Law

Defenses Against Claims Of Sex Crime 

When you get accused of a sex crime, your reputation, freedom, and career are at stake. Certainly, it can be a life-destroying event. If you get convicted, your name will forever be on the list of sex offenders. Anyone who does a background check on you can find out this information. 

Not only will your professional life end, but you may also lose your friends and family. Therefore, it is crucial to hire a Houston sex crime lawyer to understand what you can do. There are a number of defenses your attorney may use to protect you.

Defenses against claims of sex crime 

  • Insufficient evidence. 

When someone accuses you of a sex crime in Houston, they must present evidence that proves their claims beyond a reasonable doubt. Therefore, the defense of insufficient evidence can be raised when the accuser falls short of evidence and does not prove beyond a reasonable doubt. 

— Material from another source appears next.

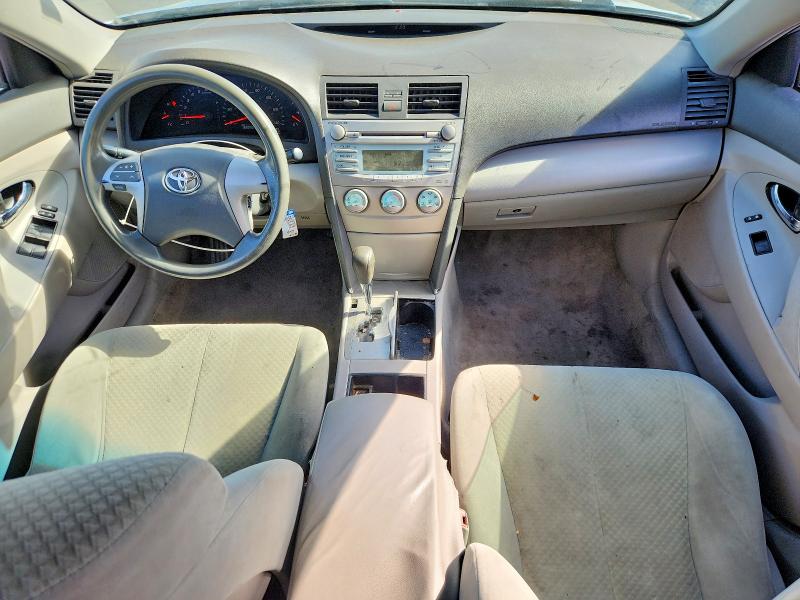 Продажа на аукционе авто 2009 Toyota Camry, vin: 4T1BE46K89U348754, номер лота: 68697056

The judge does not declare a conviction solely based on the accuser’s statements. They must also prove their claims. You may be able to use this defense if there is no physical evidence of the crime. Additionally, an attorney can conduct an investigation and raise weaknesses in the plaintiff’s case. 

  • Innocence. 

Perhaps one of the most common claims in a sex crime case is innocence. If you are not guilty of the crime, your attorney may first use this defense. However, raising this defense is not enough if you do not have evidence, such as an alibi. You may have to prove that you were present at a different location with different people during the alleged incident. 

For example, suppose the accuser has stated that the crime took place on the 25th of May at 9 pm. If you can prove that you were with your group of friends at a birthday party during that time on that specific date, you have an alibi. 

  • Consent. 

This is one of the hardest defenses to prove, but not impossible. If the incident did occur, but the plaintiff has given consent, they have no case. A sex crime can only happen when the plaintiff does not give consent. However, remember that consent is impossible to prove in certain cases. 

If the victim is a minor, incapacitated, or mentally challenged, they are not capable of giving consent. Even if they do, you should not have engaged in sexual activity with them as it is illegal. Therefore, sexual contact with a child or a mentally ill person is never legal, even with consent.